• PROMPT
Repeat each entry exactly, but do not carry over the pictures.

Brief descriptive captions:
Content starts

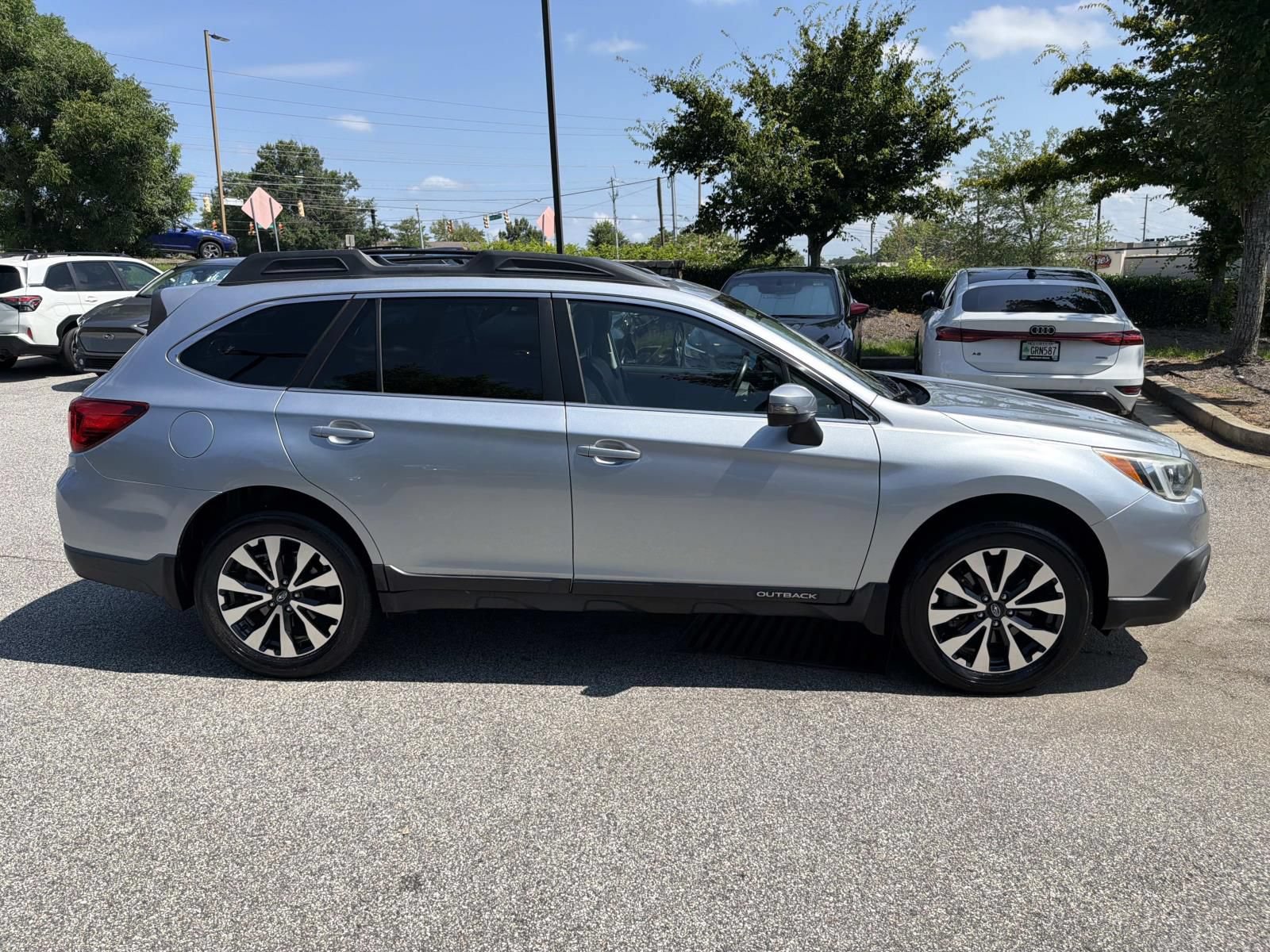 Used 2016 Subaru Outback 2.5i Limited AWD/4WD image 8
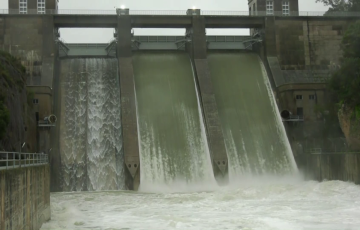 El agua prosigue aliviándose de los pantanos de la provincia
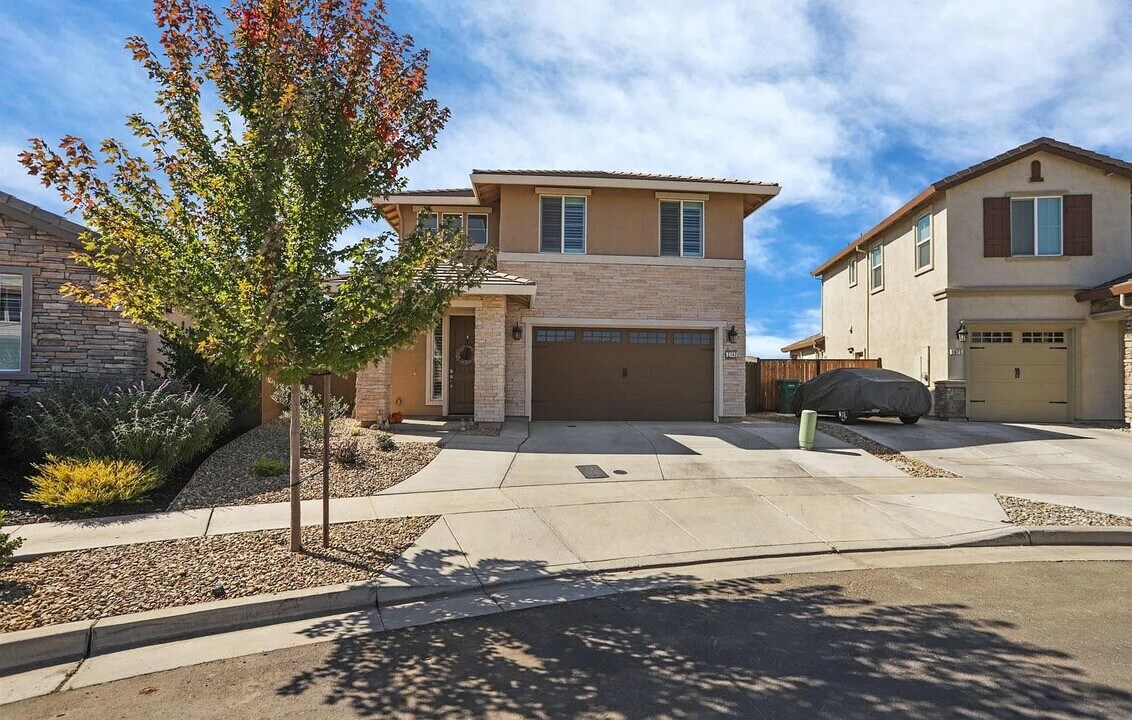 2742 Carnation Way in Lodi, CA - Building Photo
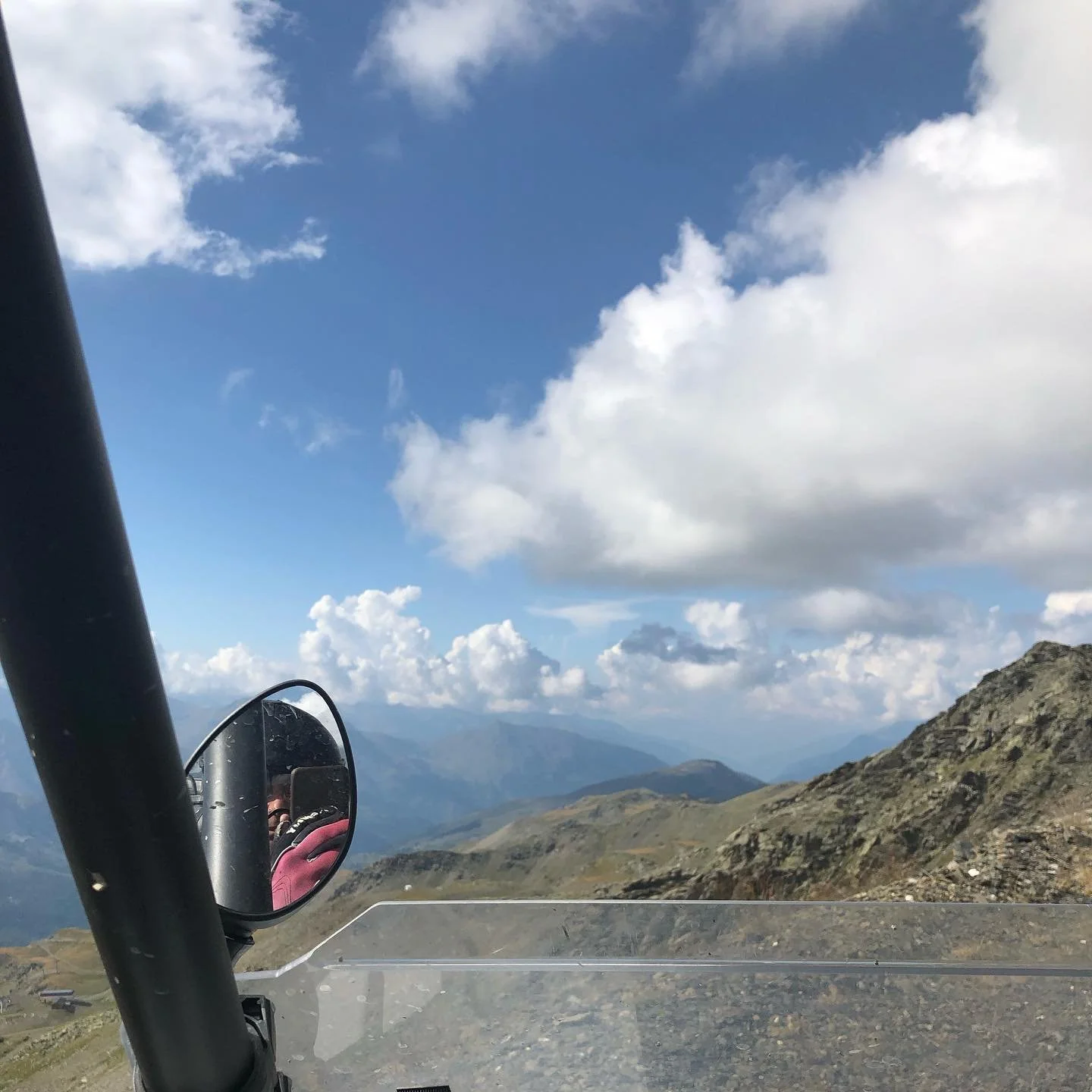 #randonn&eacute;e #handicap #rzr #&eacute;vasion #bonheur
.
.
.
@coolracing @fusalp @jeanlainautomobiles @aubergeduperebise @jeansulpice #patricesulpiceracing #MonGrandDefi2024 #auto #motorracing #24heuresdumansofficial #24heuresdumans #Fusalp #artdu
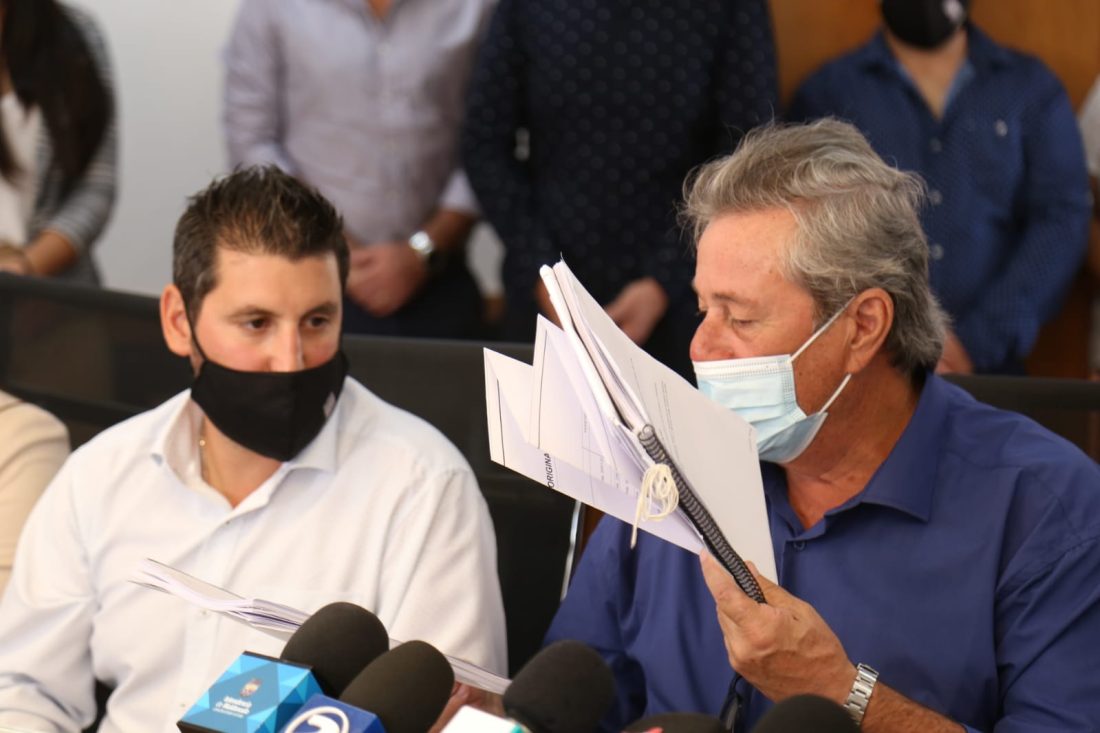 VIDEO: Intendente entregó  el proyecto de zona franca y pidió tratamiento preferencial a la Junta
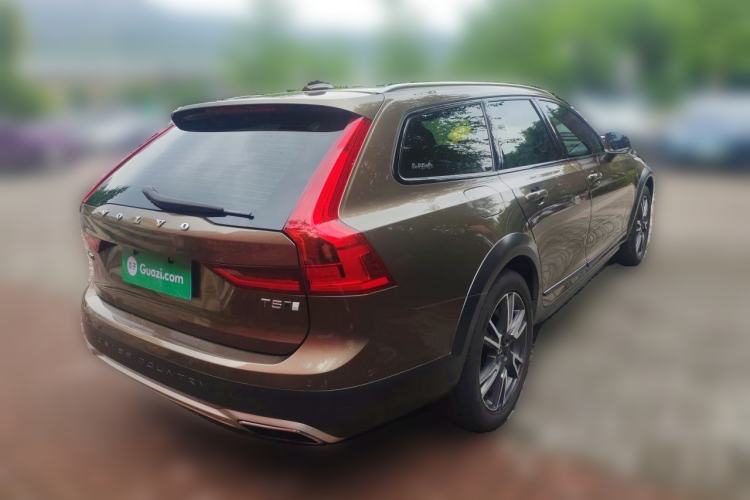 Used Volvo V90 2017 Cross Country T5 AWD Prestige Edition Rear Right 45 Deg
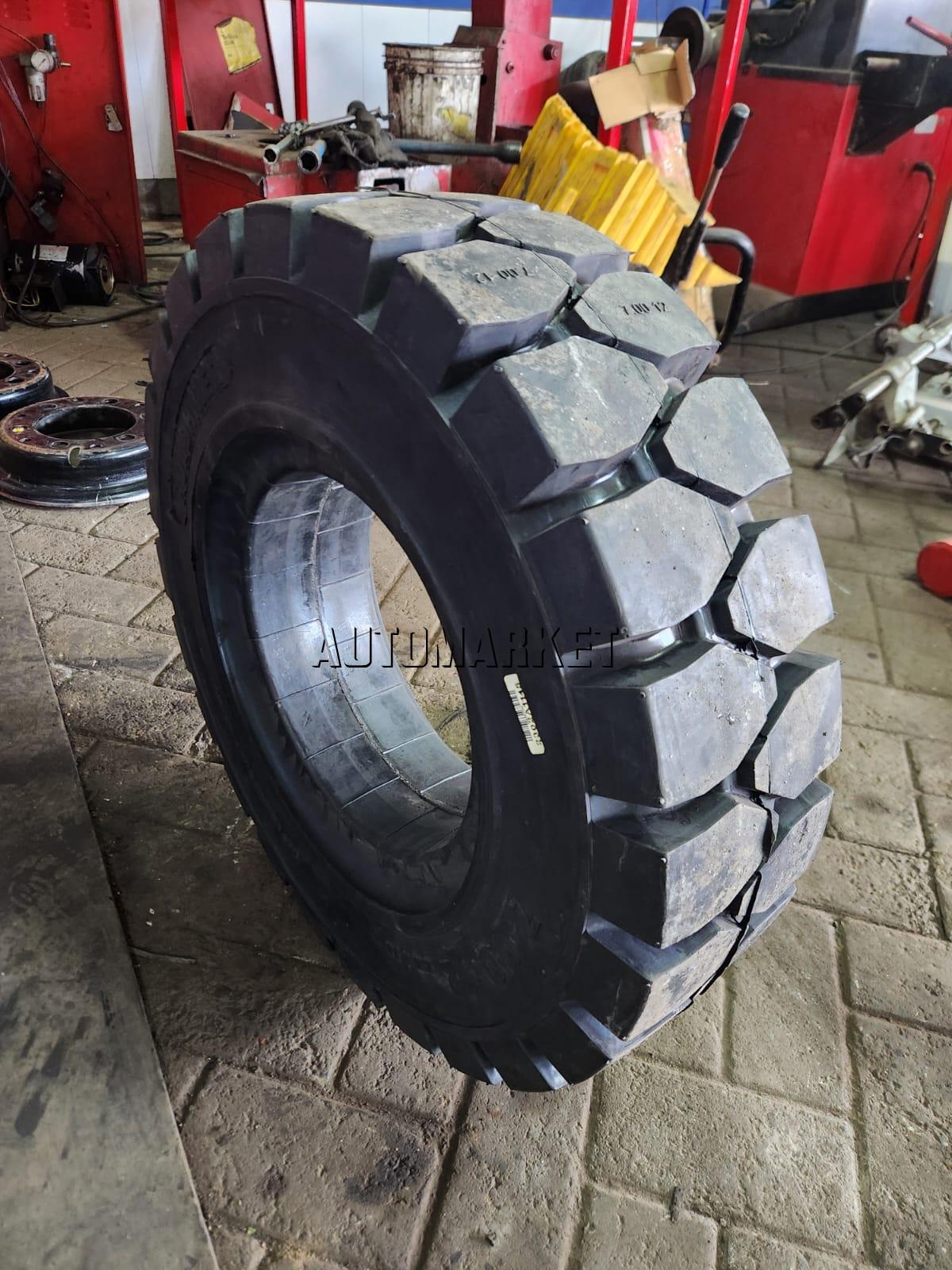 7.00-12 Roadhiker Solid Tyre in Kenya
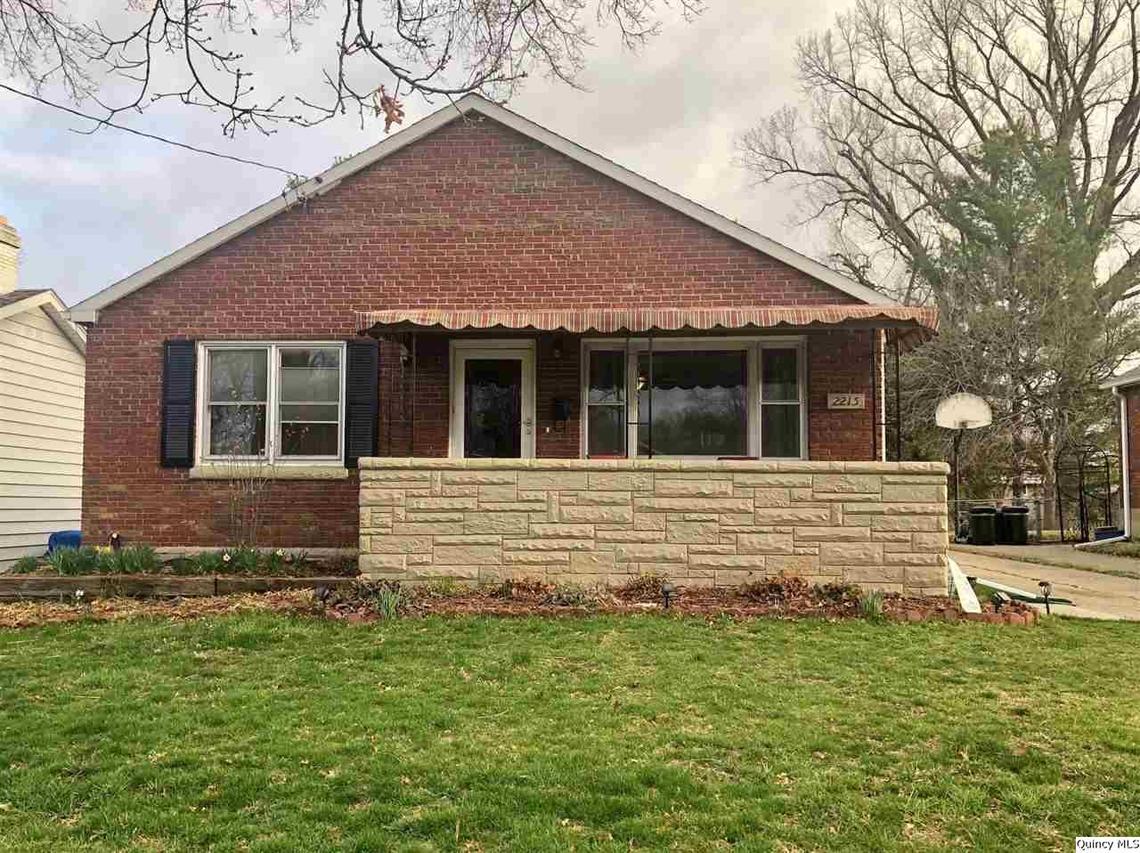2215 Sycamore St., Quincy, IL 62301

Content ends

• OUTPUT OF THE TASK
 Used 2016 Subaru Outback 2.5i Limited AWD/4WD image 8
 El agua prosigue aliviándose de los pantanos de la provincia
 2742 Carnation Way in Lodi, CA - Building Photo
 #randonn&eacute;e #handicap #rzr #&eacute;vasion #bonheur
.
.
.
@coolracing @fusalp @jeanlainautomobiles @aubergeduperebise @jeansulpice #patricesulpiceracing #MonGrandDefi2024 #auto #motorracing #24heuresdumansofficial #24heuresdumans #Fusalp #artdu
 VIDEO: Intendente entregó  el proyecto de zona franca y pidió tratamiento preferencial a la Junta
 Used Volvo V90 2017 Cross Country T5 AWD Prestige Edition Rear Right 45 Deg
 7.00-12 Roadhiker Solid Tyre in Kenya
2215 Sycamore St., Quincy, IL 62301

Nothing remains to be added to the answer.